L’incroyable traque d’un moteur d’A380 au Groenland

Mission accomplie ! Près de deux ans après l’explosion en vol d’un réacteur d’un A380 d’Air France au-dessus du Groenland, le Bureau d’enquêtes et d’analyses (BEA) a enfin mis la main sur la pièce de réacteur qu’il cherchait pour avancer son enquête : le « fan hub », ou moyeu de soufflante. Cette pièce en titane de 150 kilos, qui avait été projetée du moteur de l’avion à 11.300 mètres d’altitude, a été retrouvée sous quatre mètres de neige et de glace, au milieu d’une crevasse. Elle va être envoyée aux Etats-Unis, et examinée par le motoriste Engine Alliance, coentreprise entre GE et Pratt & Whitney, sous la supervision du BEA. L’accident, très spectaculaire et dont les causes n’ont toujours pas été précisément établies, n’avait heureusement pas fait de victime. L’A380 d’Air France, qui reliait Paris à Los Angeles, avait été dérouté vers l’aéroport militaire de Goose Bay (est du Canada), où il était resté immobilisé de longues semaines.

Retrouver la fameuse pièce s’est révélé un sacré tour de force technologique. Une première campagne de recherche par hélicoptère avait permis de retrouver quelques éléments légers du moteur. Mais les plus lourds, dont le fameux « fan hub », s’étaient enfoncés dans la glace et avaient été recouverts de neige. En mai 2018, le BEA, Airbus et Engine Alliance demandent de l’aide à l’Onera, le laboratoire de recherche aérospatiale français. Celui-ci dispose d’un équipement redoutable : un radar expérimental, baptisé SETHI (Système Expérimental de Télédétection Hyperfréquence Imageur), développé en interne. Cet outil, qui consiste en deux pods de 300 kilos embarqués sous les ailes d’un Falcon 20 de la société Avdef (filiale d’Airbus), est un véritable couteau suisse : il permet de bénéficier d’une imagerie radar à longue distance (plus de 70 km), de détecter des cibles mobiles, mais aussi de fournir des images en pénétrant sous le sol et sous le feuillage des arbres.

Trois tonnes d’équipements

C’est cette dernière capacité qui convainc les enquêteurs d’utiliser le fameux radar.
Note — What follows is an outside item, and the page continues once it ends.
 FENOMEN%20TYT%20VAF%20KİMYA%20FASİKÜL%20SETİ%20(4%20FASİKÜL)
En trois mois, la logistique est mise en place. En avril 2018, onze caisses d’un poids total de 2,8 tonnes sont déployées sur l’aéroport de Kangerlussuaq, à l’ouest du Groenland, qui servira de base opérationnelle pour le SETHI. L’Onera dépêche huit scientifiques, qui mettent en œuvre le radar durant un mois sur une zone de 60 km2. En huit vols, le sous-sol glacier de la zone survolée est cartographié, jusqu’à plus de 45 mètres sous la surface de la calotte glacière, grâce à des radars sur différentes bandes de fréquence (V/UHF, L et X).
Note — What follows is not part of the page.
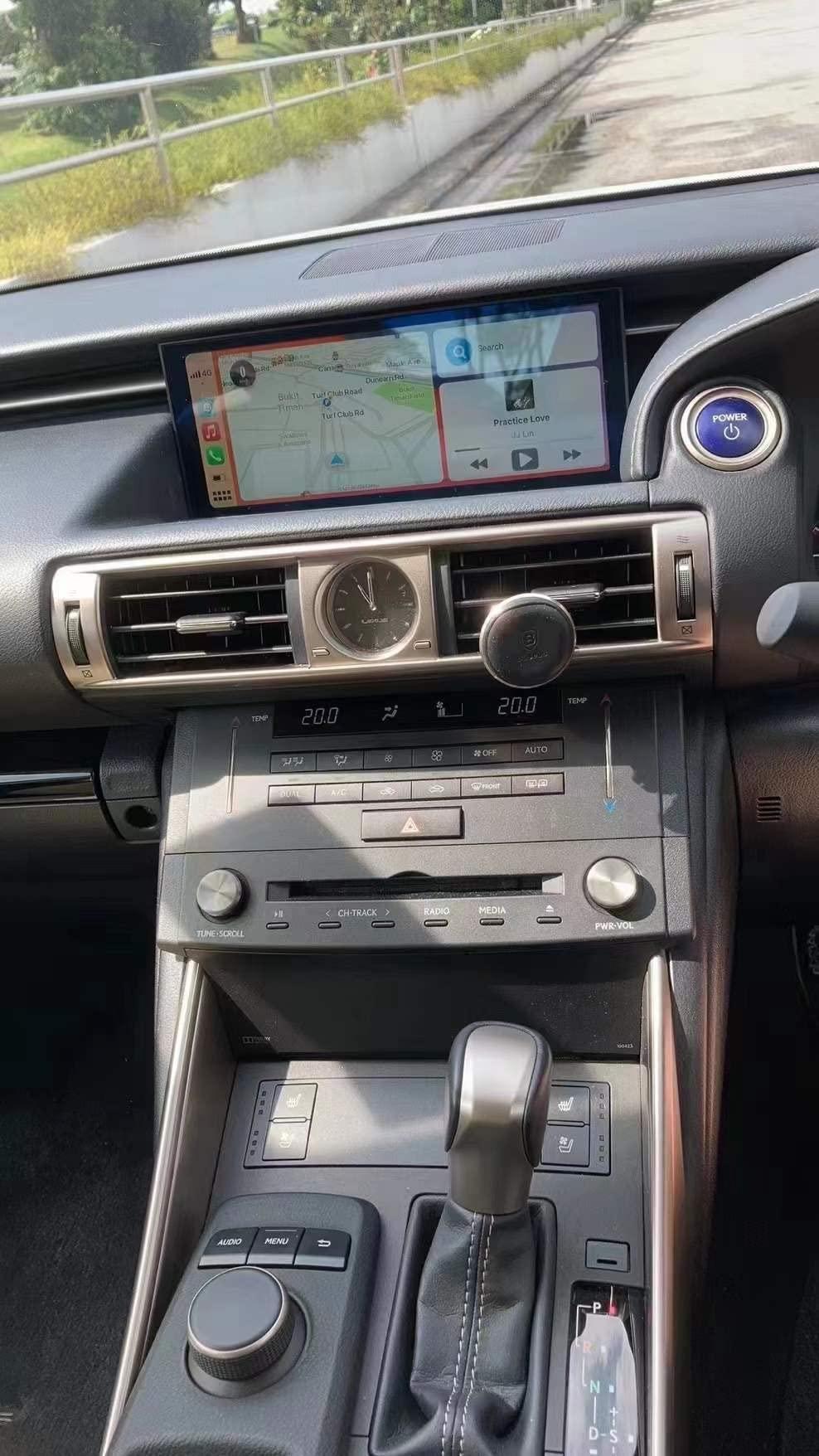 Baaletc Compatible with Fitbit Versa/Versa 2/Versa Lite/Special Edition Bands Sport Strap Material Silicone Strap Bands for Fitbit Versa 2 Smart Fitness Watch Women Men Small Large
Reste à traiter ces données. Des outils d’analyse avancés sont développés par l’Onera pour identifier la cible dans le sous-sol glacier. Pour minimiser l’effet du bruit de fond produit par la neige, un algorithme est développé pour fusionner 432 images radars différentes de 25 cm de résolution (représentant plus de 5 To de données) en une seule image. En février 2019, après dix mois d’efforts, l’équipe Onera touche au but. Elle met en évidence trois points de localisation possibles du fan hub : deux signaux faibles et un signal fort. Les enquêteurs, appuyés par le Geological Survey du Danemark et Groenland (GEUS), commencent par les deux premiers, qui présentent l’avantage d’être plus facilement accessibles. Mais c’est bien le signal le plus fort qui se révèle le bon : le fan hub est retrouvé sous quatre mètres de neige, grâce à l’aide d’un robot baptisé FrostyBoy.

Un Antonov à la rescousse

L’analyse de la pièce devrait permettre d’en savoir plus sur l’accident du 30 septembre 2017. L’A380 d’Air France, numéro de série MSN52, était resté deux long mois sur le tarmac de l’aéroport militaire de Goose Bay après l’accident. Pour permettre à l’appareil de redécoller, il fallait trouver un moteur qui puisse remplacer le réacteur endommagé. Un des scénarios envisageait de récupérer un moteur sur l’A380 stationné au musée de l’air et de l’espace du Bourget. Non connecté, il aurait juste permis de préserver le centrage de l’appareil. Finalement, un gros porteur ukrainien Antonov An-124 a apporté un moteur neuf, qui a permis à l’appareil de redécoller vers Paris fin 2017.